On the human side it’s rather ponderous, because we have to punch keys and see letters on a screen. People have tried to make dolphins punch keys, but I don’t think dolphins should have to punch keys. They don’t have these little fingers that we have. So we’d prefer to develop a sonic code as the basis of a dolphin computer language. If a group of dolphins can work with a computer that feeds back to them what they just said — names of objects and so forth — and if we can be the intercessors between them and the computer, I think we can eventually communicate.
OMNI:
How long will it take to break through the interspecies communication barrier?
John C. Lilly:
About five years. I think it may take about a year for the dolphins to learn the code, and then, in about five years we’ll have a human/dolphin dictionary. However, we need some very expensive equipment to deal with dolphins’ underwater sonar. Since dolphins ‘see’ with sound in three dimensions — in stereo — you have to make your words ‘stereophonic words.’
OMNI:
You’ve said that dolphins also use ‘sonar beams’ to look at the internal state of one another’s body, or that of a human being, and that they can even gauge another’s emotional state that way. How does that work?
John C. Lilly:
They have a very high-frequency sonar that they can use to inspect something and look at its internal structure. Say you’re immersed in water and a sound wave hits your body. If there’s any gas in your body, it reflects back an incredible amount of sound.
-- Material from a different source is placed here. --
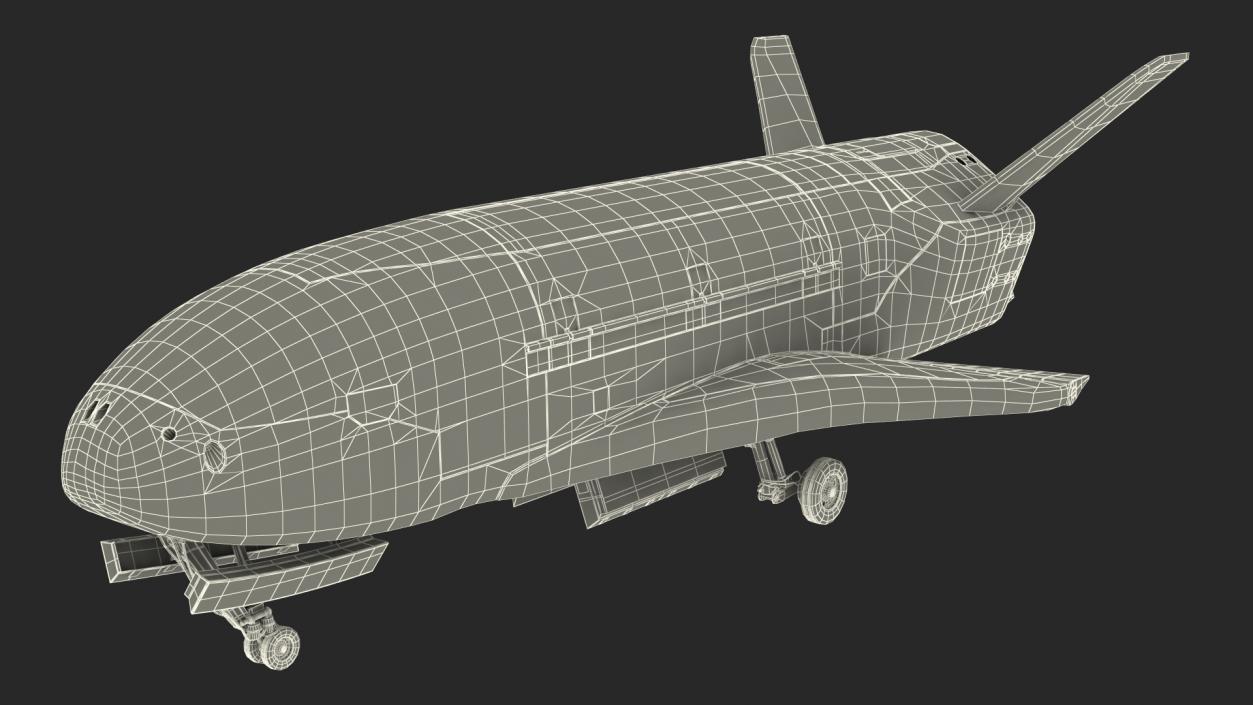 3D Boeing X37 Reusable Robotic Spacecraft model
To the dolphin it would appear as a bright spot in the acoustic picture.
OMNI:
Can we ever really tune in to the dolphin’s “stereophonic” world view, or is it perhaps too alien to ours?
John C. Lilly:
I want to. I just did a very primitive experiment — -a Saturday afternoon-type experiment — at Marine World I was floating in an isolation tank and had an underwater loudspeaker close to my head and an air microphone just above me. Both were connected through an amplifier to the dolphin tank so that they could hear me and I could hear them. I started playing with sound — whistling and clicking and making other noises that dolphins like. Suddenly I felt as if a lightning bolt had hit me on the head. We have all this on tape, and it’s just incredible. It was a dolphin whistle that went ssssshhheeeeeooooo in a falling frequency from about nine thousand to three thousand hertz in my hearing range. It started at the top of my head, expanding as the frequency dropped, and showing me the inside of my skull, and went right down through my body. The dolphin gave me a three-dimensional feeling of the inside of my skull, describing my body by a single sound!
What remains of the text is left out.